Wednesday, February 2, 2022

Cardiogenic Syncope Case File

Posted By: Medical Group - 2/02/2022 Post Author : Medical Group Post Date : Wednesday, February 2, 2022 Post Time : 2/02/2022
Cardiogenic Syncope Case File
Eugene C. Toy, MD, Ericka Simpson, MD, Pedro Mancias, MD, Erin E. Furr-Stimming, MD

CASE 16
A 52-year-old man with no significant past medical history is brought to the emergency center after a motor vehicle accident in which he drove into a dividing rail. He did not suffer any significant physical injuries, and he was fully awake at the time of the examination. He reports while driving on the highway he felt “dizzy” prior to briefly losing consciousness, which caused his car to swerve into the
divider. He also endorses palpitations immediately prior to the episode. His wife, who was a passenger in the car, states that he quickly regained consciousness and was not altered or disoriented after the episode. There is no evidence or report of tongue biting, urinary or stool incontinence, or convulsions of his extremities. On further questioning, the patient admits to two previous “fainting” episodes, both in his office, and both without provocation.

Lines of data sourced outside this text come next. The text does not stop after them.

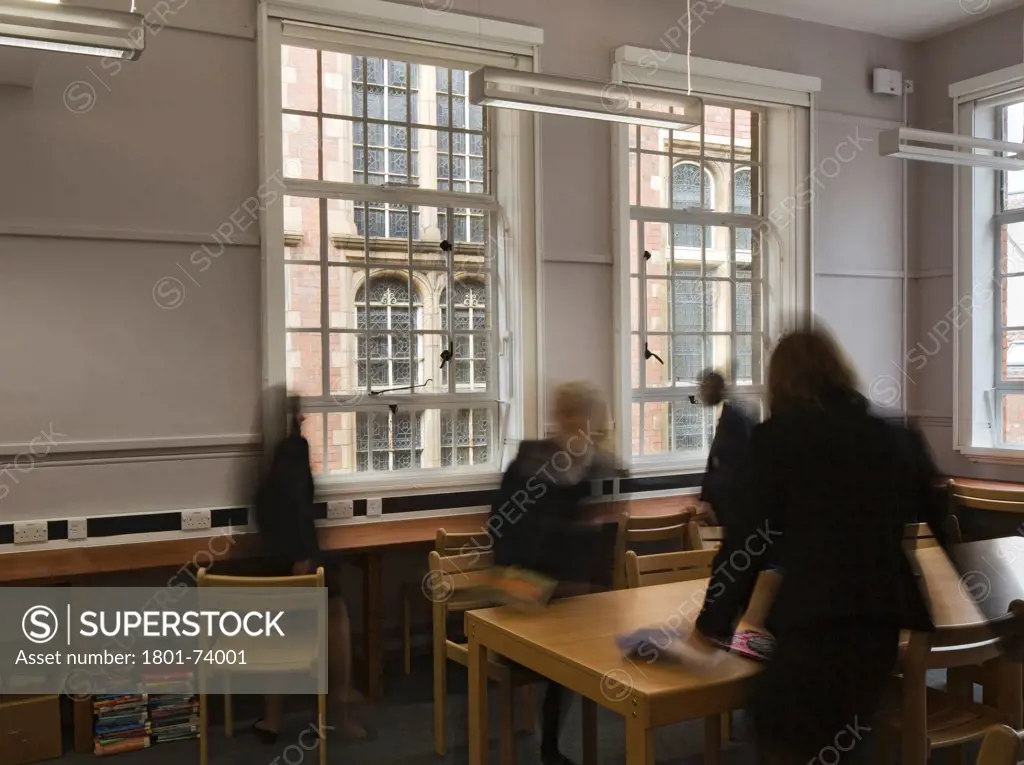 Colston's Girls' School, Bristol, United Kingdom. Architect: Walters and Cohen Ltd, 2011. Library interior with multi-pane windows.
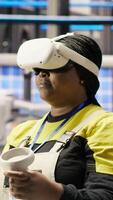 Vertical Photovoltaics smart factory expert using VR tech to manage automation systems. Solar panels industry 4.0 plant technician using virtual reality gear to evaluate equipment, camera B video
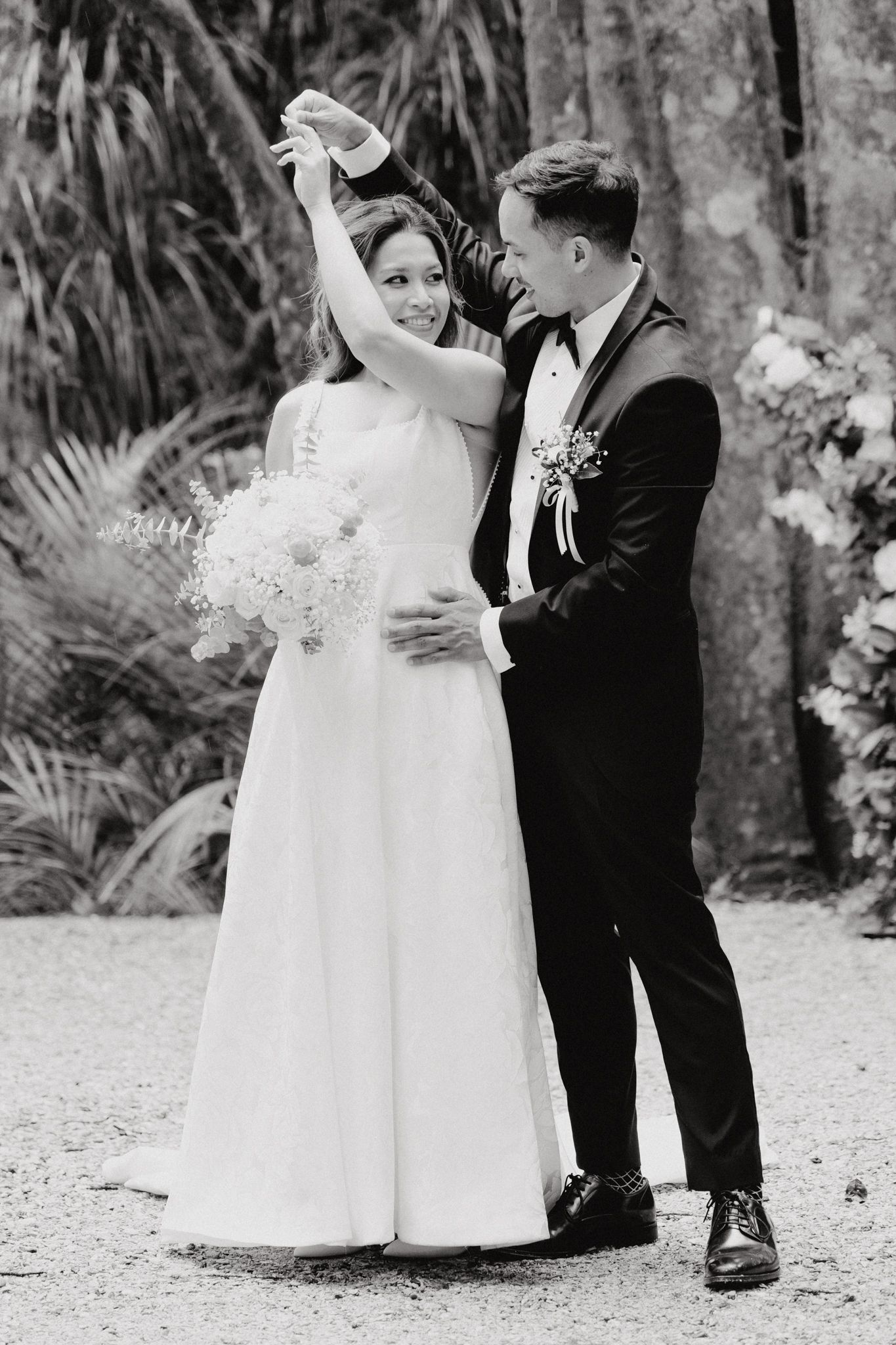 A romantic black and white wedding photo shows a couple dancing captured by Apertured Media Auckland Wedding Photographer.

On one occasion, he was seated, while on the other occasion he was standing and suffered a fall. He reports a similar sensation of light-headedness and palpitations prior to the second episode. After these episodes, he scheduled an appointment with his family physician but did not have the chance to attend the appointment prior to the accident. On review of systems, he complains of recent fatigue and lack of energy over the last year, but he attributes it to his hectic work schedule and lack of exercise. Physical examination in the emergency department (ED) is unremarkable, including detailed neurologic examination. His initial laboratory studies and noncontrast computed tomographyy (CT) of the head are unremarkable.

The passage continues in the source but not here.